When I started working on Magic: The Gathering I realized that I couldn’t have the same goal folder for all of my work anymore. Magic: The Gathering cards and book covers are very different types of assignments, with different print and reproduction parameters. For this reason, I now keep individual goal folders for each type of work that I do. Here’s what I’m looking at and comparing myself against when working on Magic: The Gathering:


You’ll notice that when working on Magic I focus a lot on atmospheric depth as a means of grouping silhouettes for legibility. Each silhouette has its own distinct shape and is quickly identifiable. This is because everything prints so small that the quick read is king. Detail is often lost or felt simply as “texture.” For contrast let’s take another look at my general goal folder, the one I use for book covers:



There is still a big focus on values creating high-gravity impact, but here the values and the subjects don’t always align so cleanly. The viewer can see an organized, beautiful picture but maybe they don’t know quite what it’s of. They have to go in for a closer look, maybe pick up the book. Bingo! That’s just what we want. Personally, I also enjoy the contrast of a strong abstract read and a slower specific read as a form of visual playfulness. It makes the images last just that little bit longer.

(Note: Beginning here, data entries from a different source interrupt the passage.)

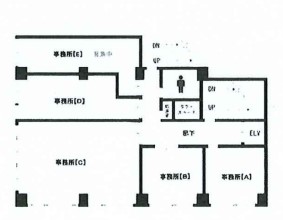 fresh/room/J0012721393_1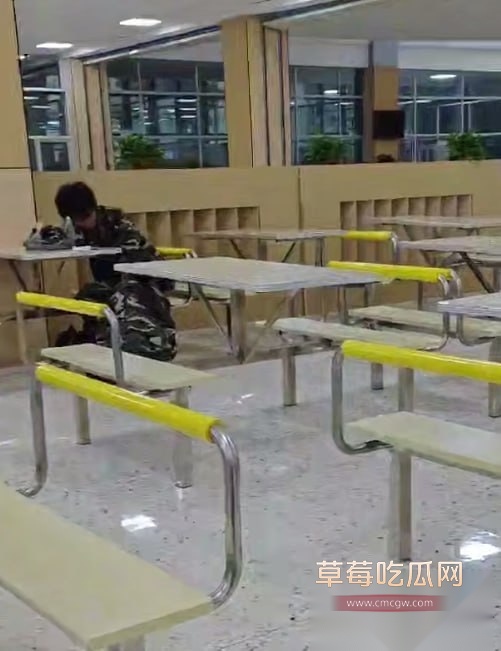 photo920250916214045 photo920250916214045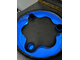 Centrifuge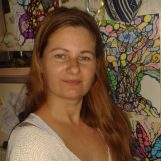 Алёна Ткачёва, 45 лет, Калуга, Россия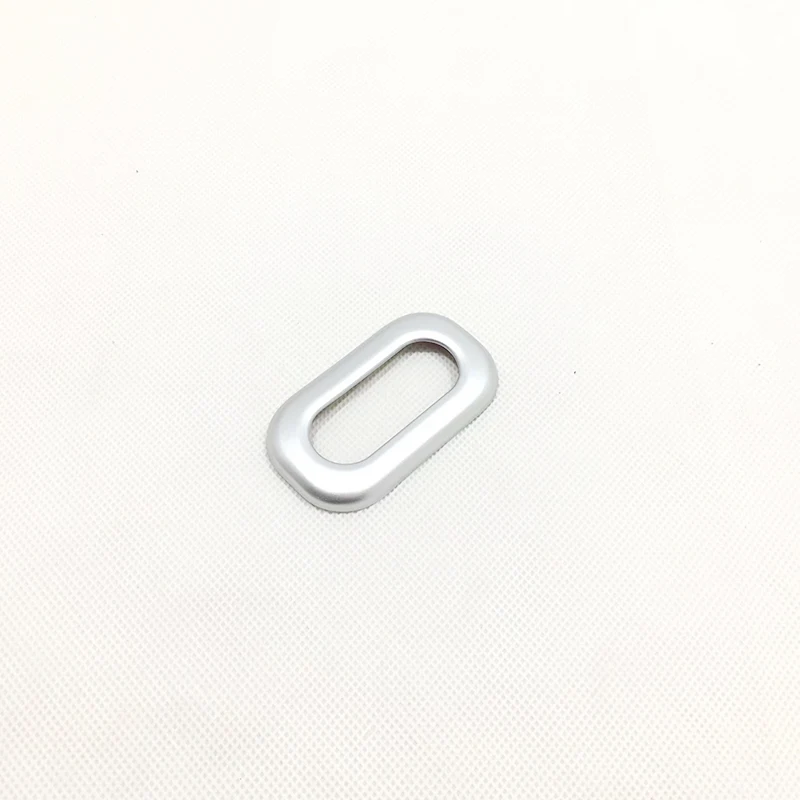 ABS-Matte-Voor-Jeep-Grand-Cherokee-2014-2015-2016-2017-Autostoel-geheugen-knop-Cover-Versieringen-Auto (2)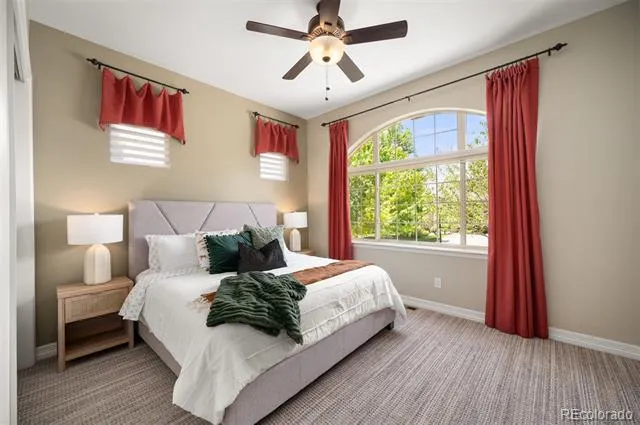 5980 S Race Court Centennial, CO 80121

Separately from work, sometimes you just want to understand a general principle of artwork. What makes a good portrait, for instance? The goal folder exercise can show you that, too:





Sharing your goal folder with other people can be a great way to test it, and to get new feedback and ideas. For anyone who decides to do this: I’d love to take a look. Link your folder in the comments! Remember: keep it as small as you can, be specific with your goals, and try to have some fun.

The beauty of this exercise is that it doesn’t just teach you, it teaches you about your own point of view. Your point of view is the thing you truly bring to the table as an artist. If we could all just understand our own point of view we might make wonderful pictures. Good luck.